But any way you slice it, McCain’s going after a 1-to-3 electoral vote win, it seems. There’s no room for error. He sacrificed the foreign policy and overall inexperience arguments to roll the dice. The only thing he’s guaranteed is Alaska’s votes. Does he think Palin can pull in more Libertarianish independent western voters? As a mayor of a town of under 6,000 and governor of a state of 670 thousand for a mere 20 months, let’s put that in perspective: there’s 18 US cities larger than the people she governs. Should we elect the mayor of Charlotte or Memphis, with similar populations? That’s pretty insulting to Libby Dole, Hutchison, Collins and other very experienced women in Congress. He’s essentially labeling all of them as tarnished insiders when most have cleaner hands than the ones attached to his wrists.
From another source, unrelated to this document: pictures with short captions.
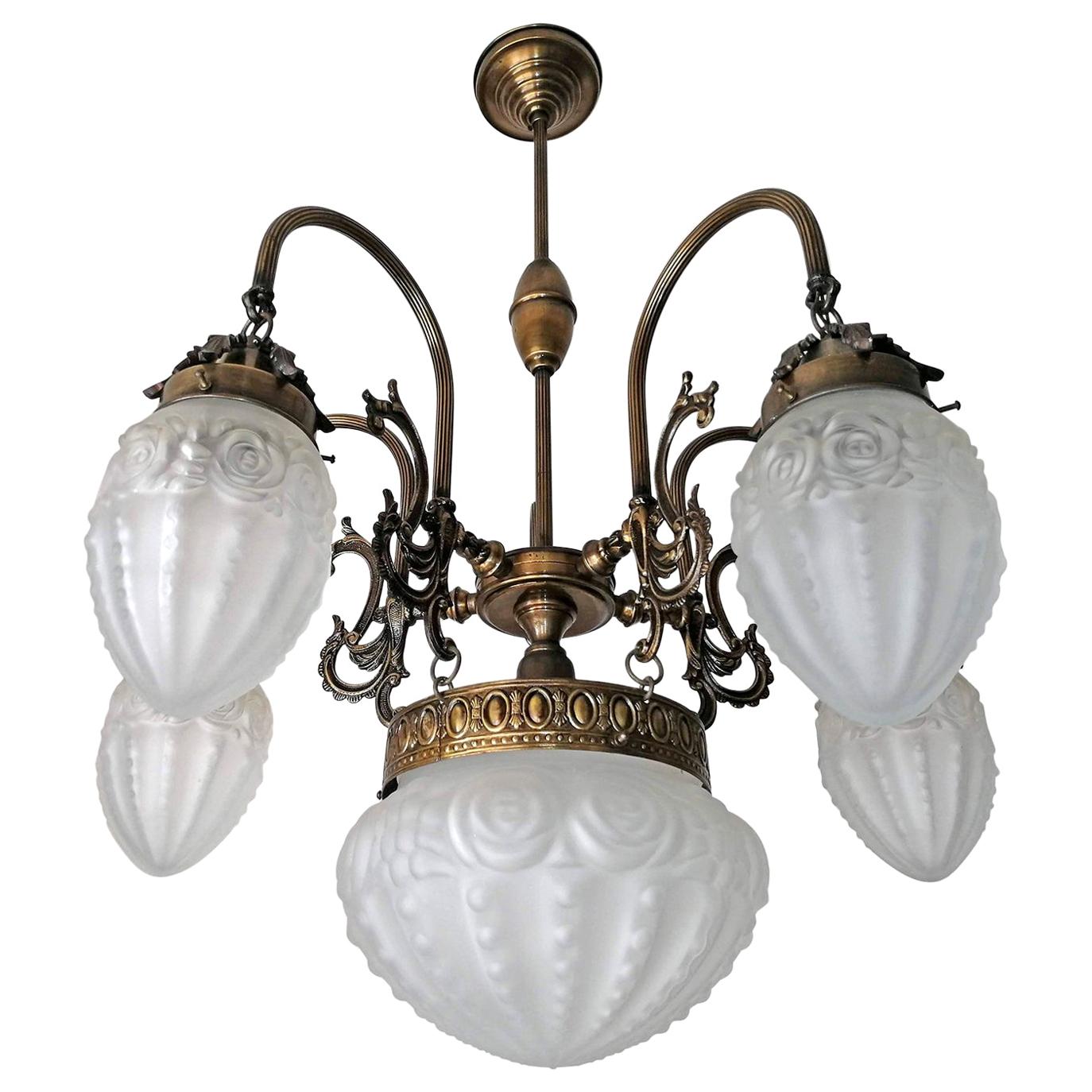 French Degué style Art Deco white frosted glass, 6-light chandelier/ brass bronze color with age patina
6-light bulbs (5 bulbs E14 40W and one bulb E27 60W)
Good working condition
Measures:
Diameter 27 in / 68 cm
Height 35 in / 88 cm
Glass shades 5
Or was he hoping to hold his edge in white male voters by offering an attractive woman as a mere Madison Avenue ploy? (If you hear the sound of one hand clapping, you can guess where the other hand is). Is it sexist to exploit a woman this way? Or is it sexist to suggest what might be motivating such decisions?
I think it’s insulting to male and female voters equally. It resembles too much what he’s learned from his mentor, GWBush: anything to win and let the country deal with any bad decisions that result afterward. Putin and Bin Laden and the daffy dictator over North Korea are supposed to be impressed because the VP can shoot a moose? Because she has a good hook shot? I mean, really, this person makes Dan Quayle seem Churchillian.
The only way this isn’t a gamble is if he’s holding an October surprise card up his sleeve. Otherwise, this is an act of desperation based on eking out the narrowest win in modern history.
We can only surmise but the appearance of a desperate gamble isn’t likely to inspire confidence beyond a mild, temporary bump in the polls. It clearly will inspire much talk that McCain is in trouble.
Well, I certainly won’t make fun of her for being a scholarship contestant. Why, back in school, I too was often referred to as miscongenial.
What?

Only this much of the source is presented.